◆ Supplied material
----------------

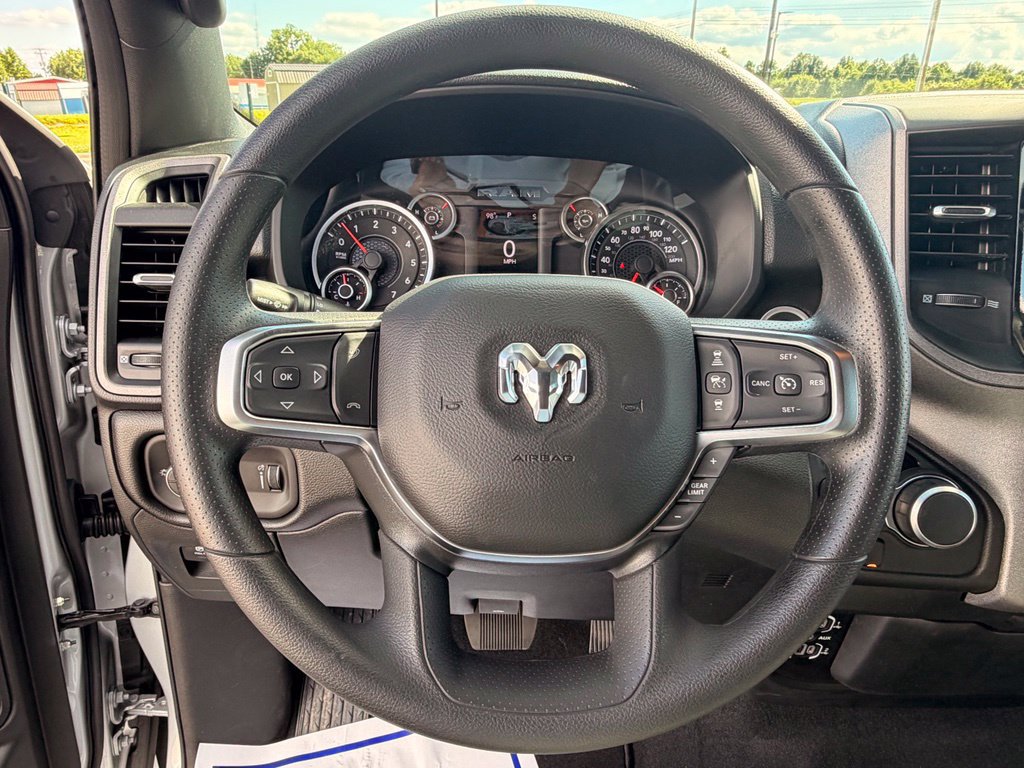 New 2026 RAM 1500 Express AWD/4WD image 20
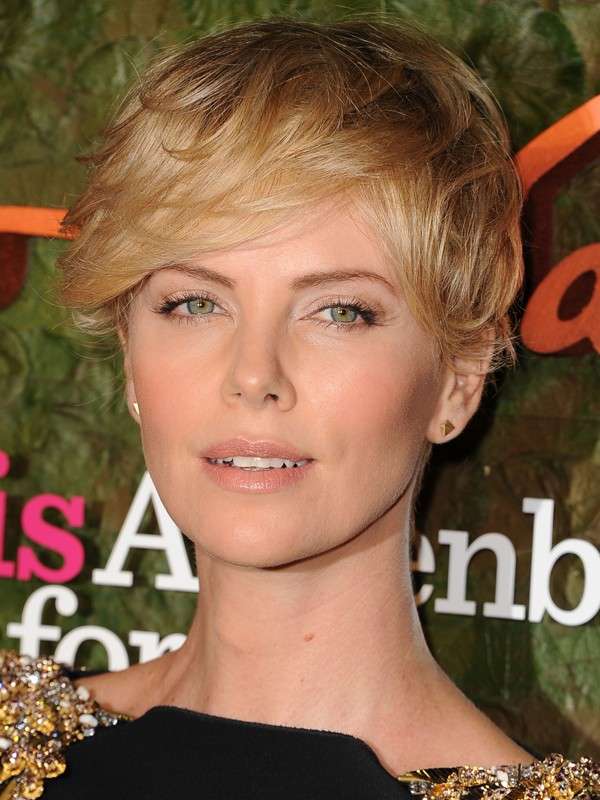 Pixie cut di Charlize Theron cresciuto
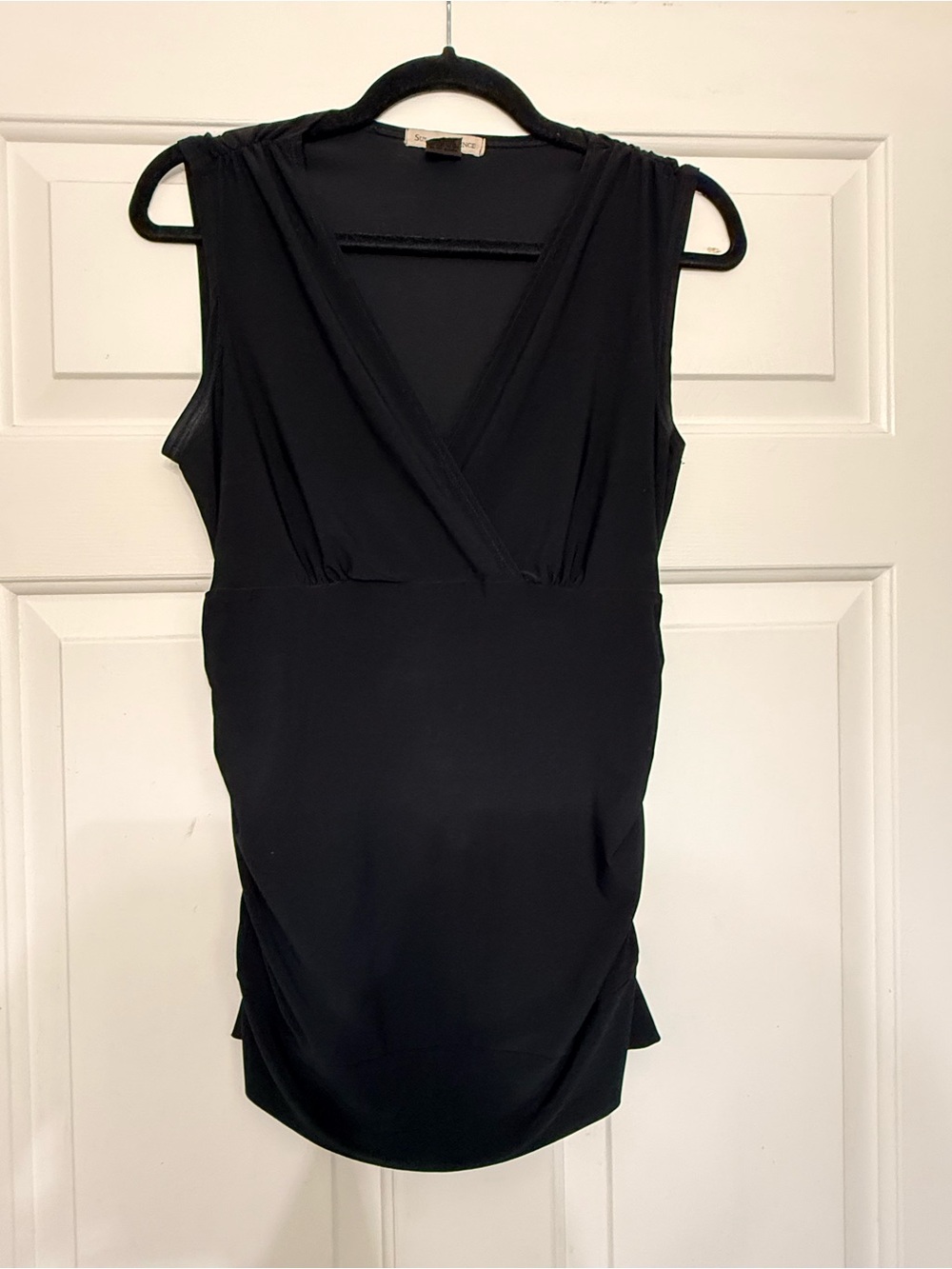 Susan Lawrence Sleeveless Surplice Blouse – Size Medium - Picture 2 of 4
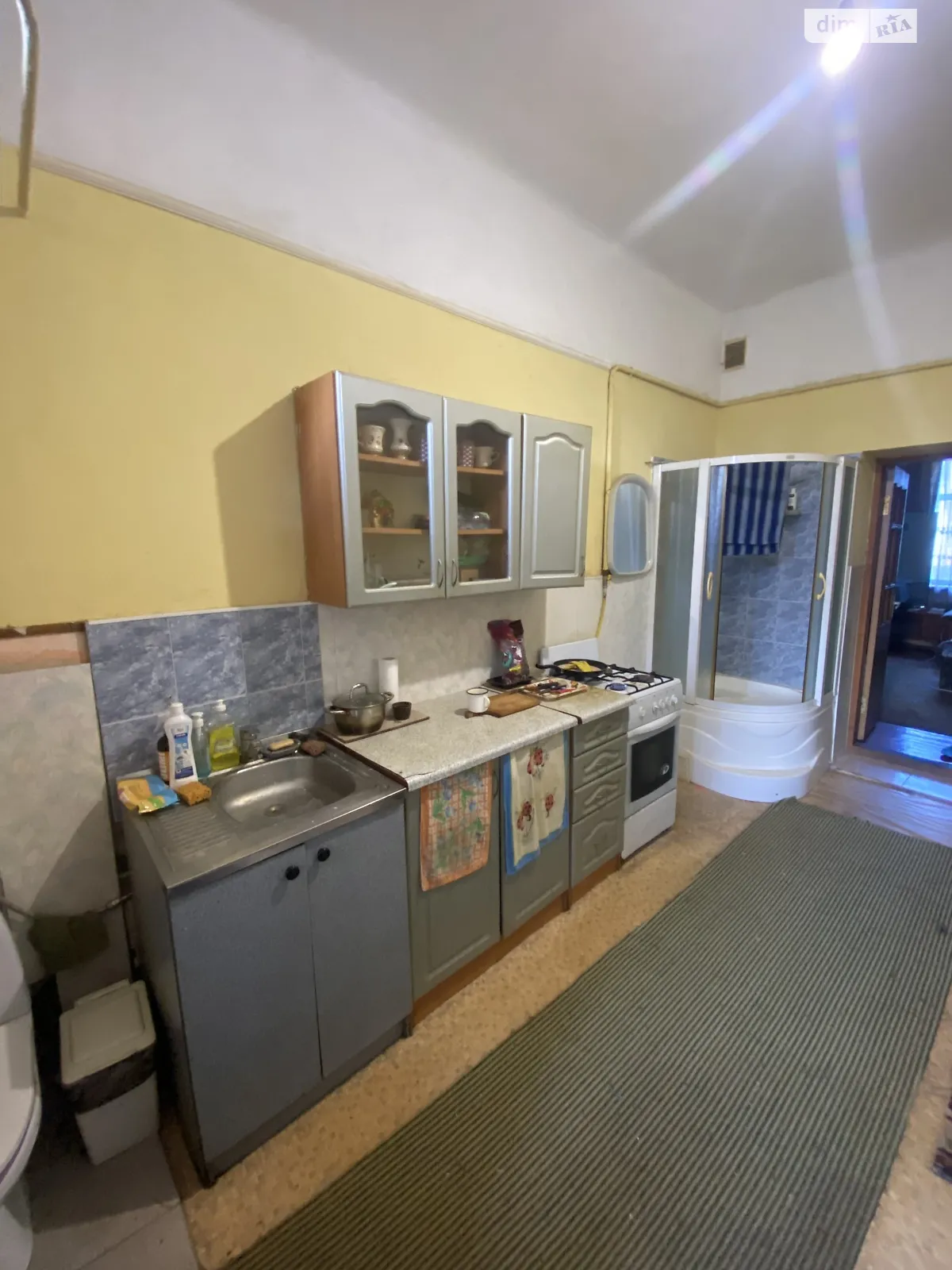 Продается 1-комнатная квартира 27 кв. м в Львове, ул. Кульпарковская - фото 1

----------------

Omit every picture while printing the data word for word.

 New 2026 RAM 1500 Express AWD/4WD image 20
 Pixie cut di Charlize Theron cresciuto
 Susan Lawrence Sleeveless Surplice Blouse – Size Medium - Picture 2 of 4
 Продается 1-комнатная квартира 27 кв. м в Львове, ул. Кульпарковская - фото 1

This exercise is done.